1. In the terminal, type the following to stage changed files:

```bash
git add .
```

2. Then commit the changes (the message in the quotes can be whatever you want):

```bash
git commit -m 'My latest changes'
```

3. Now push the changes on to GitHub:

```bash
git push mybackup master
```

## Guess what? Your new repository is Binder enabled!

I've included in the repository a file called `requirements.txt` which includes all the various Python packages that are used in the notebooks. There's also one called `postBuild` that includes some Jupyter server configuration commands. These two files can be used by Binder to set up an environment that runs all the notebooks in the repository.

1. Copy the url of your GitHub repository -- this is just the normal web address in your browsers location bar, not the special url we used to upload files to the repository.

2. Go to Binder.

![Binder start box](../images/binder-start.png)

3. Paste your GitHub repository url in the appropriate box, and click the **Launch** button.

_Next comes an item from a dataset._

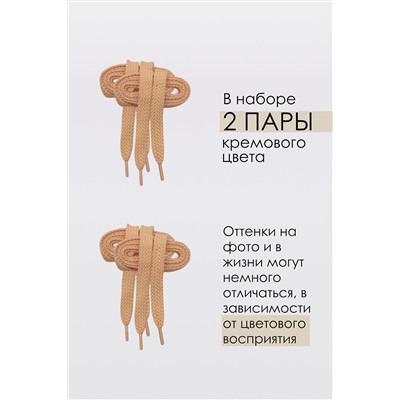 Шнурки для обуви №GL47-1 НАТАЛИ, 902896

If you want to see what Binder's doing in the background, click 'show' on the 'Build logs' tab.

4. It might take a while to build, but once it's finished it'll start up Jupyter in the 'classic' view, to swap to Jupyter Lab, just replace 'tree' at the end of the url with 'lab'.

5. Use your notebooks! Remember Binder will shutdown inactive notebooks after about 10 minutes, and won't save your work. SO make sure you save anything you want to keep by downloading it!